Jeremy Cliffe wans that ‘Central Europe’s authoritarians show where an unleashed Boris Johnson could lead Britain.’ George Grylls visits Wigan and ‘Britain’s forgotten lands’ to see how Labour lost its northern vote.

Perhaps in its humour the Christmas edition of Private Eye is being more analytical than its readers expect when its front cover claims that Jeremy Corbyn handed Johnson this election victory like a Christmas present.

The Tablet also has a Christmas double issue, with a cover illustrated a detail from a panel by Jan de Beer at an exhibition that continues in Birmingham until 19 January.

The Tablet should be essential reading for thinking Anglicans too. This Christmas edition includes an obituary of the broadcaster and author Mary Craig, who was a regular contributor to the Tablet.

Each year, The Economist produces a Christmas double issue, and this year’s special features include an analytical insight into the shaping of Ireland as a modern liberal society and an interesting look at the lives of families who were moved from the East End of London to East Anglia over the past half century.

ABC News is the very lavish annual magazine of Askeaton/Ballysteen Community Council Munitir na Tíre. In this year’s edition, published within the past week or so, my contribution is a paper on Captain Chichester Phillips, who was MP for Askeaton from 1695 to 1713, and who donated the site in Dublin for Ireland’s first Jewish cemetery.

After my visits to Jewish Prague, Vienna and Bratislava this year, I have returned to reading The Hare with the Amber Eyes by Edmund de Waal, which tells the story of the Ephrussi family, his grandmother’s far-flung family. Last month, I visited the exhibition in the Jewish Museum in Vienna, ‘The Ephrussis, Travel in Time,’ in which Edmund de Wall retells the story of the Ephrussi family as told in this book. Their story moves from Odessa to Paris and Vienna, then to their migration as refugees as World War II forced them to seek asylum in Britain, the US, Mexico, Japan and other countries.

I also received presents of two books by the Revd Maria Elsa R. Bragg, who is a duty chaplain at Westminster Abbey: Sleeping Letters and Towards Mellbreak.

Edmund de Waal has described Sleeping Letters as ‘a beautiful book, a remarkable, cadenced recollection of how grief lives in the body. It is poetry as a kind of dance.’

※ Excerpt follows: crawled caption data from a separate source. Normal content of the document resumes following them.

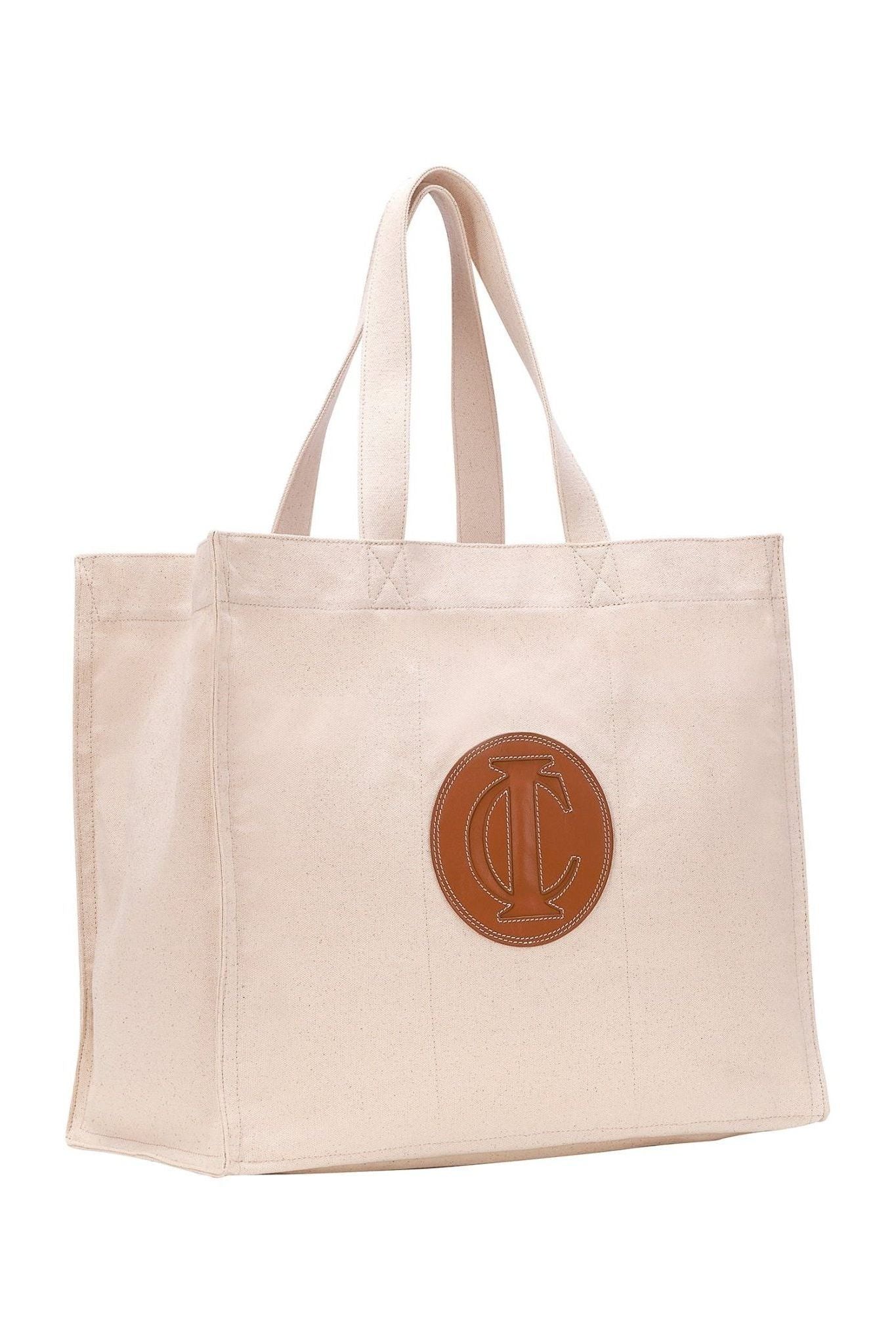 Side detail of natural canvas market tote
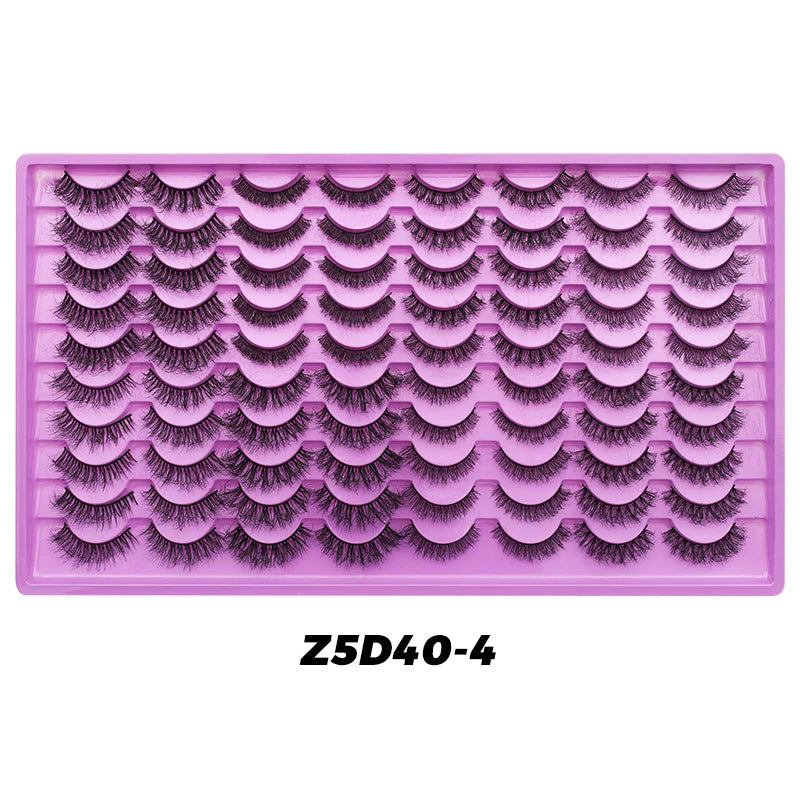 DINGSEN 40 Pairs Volume Strip Lashes Faux Mink False Eyelashes Kit Cosmetics Soft Fake Volume Eyelash Extensions Wholesaleمجموعة رموش صناعية DINGSEN – 40 زوجًا، تمنحكِ كثافة وحجمًا جذابًا، مصنوعة من ألياف ناعمة تشبه رموش المنك، لإطلالة طبيعية وأنيقة.
الكم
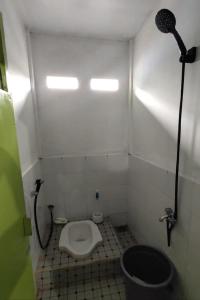 y baño pequeño con aseo y ducha. en SPOT ON 92911 Wisma Jaya Syariah 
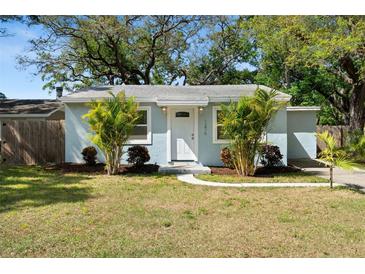 Charming single-story home featuring a well-maintained lawn and inviting front entrance, enhanced by lush landscaping at 1276 Bertland Way, Clearwater, FL 33755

Edmund de Waal’s Irish-born sister-in-law, the writer Kit de Waal, reveals in the Christmas Special of the New Statesman, ‘I came to writing late in life.’ In the same section, Archbishop Rowan Williams writes, ‘I had settled in my early teens – thanks largely to a couple of imaginative and humane clergy that I knew – that I should be a priest.’ But he also talks about ‘the temptations of perfectionism.’

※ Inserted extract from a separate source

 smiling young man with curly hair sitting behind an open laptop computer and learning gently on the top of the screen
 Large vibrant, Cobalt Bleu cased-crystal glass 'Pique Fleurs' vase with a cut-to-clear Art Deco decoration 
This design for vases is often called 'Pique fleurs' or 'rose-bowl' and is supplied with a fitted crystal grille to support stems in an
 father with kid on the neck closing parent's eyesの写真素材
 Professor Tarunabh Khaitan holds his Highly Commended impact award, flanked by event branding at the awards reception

He thought once of becoming a monk, at another time of teaching English ‘as the alternative “spiritual” calling.’

He summarises what he’s wanted and tried to do as ‘something to do with learning and holding the attentiveness to God and things and words that breaks through private dramas and obsessions. Being a priest and a writer and a teacher of sorts has always been, for me, grounded in those prospects not followed.’

In her column in this Christmas Special, the Revd Lucy Winkett of Saint James’s Church, Picadilly, recalls this story:

‘I was standing in the olive wood souvenir shop in Bethlehem in the West Bank. With US Dollars in my hand, I was haggling with the Palestinian shopkeeper about the carved wooden nativity set I thought I might buy. I liked it because it wasn’t too fussy; slightly abstract. For Christian groups visiting the Holy Land, there is always a desire to support the local economy of the “little town” where Christ was born. But I thought the price was too high, especially because, while the sheep, shepherds, Joseph, Mary, and the Wise Men were all present and correct, there didn’t seem to be any Jesus. No crib. Perhaps an indication of the residual power of the dog collar, the man started to justify the fact that there wasn’t a Jesus as part of the carved set. “He hasn’t been born yet”, “it’s bad luck to have an actual baby in there” and so on.

‘What both of us had missed was that the anonymous carver had placed the baby as a bundle in Mary’s arms. He was there all right, but I’d been too keen on getting a bargain to notice. Maybe that’s my Christmas sermon right there.’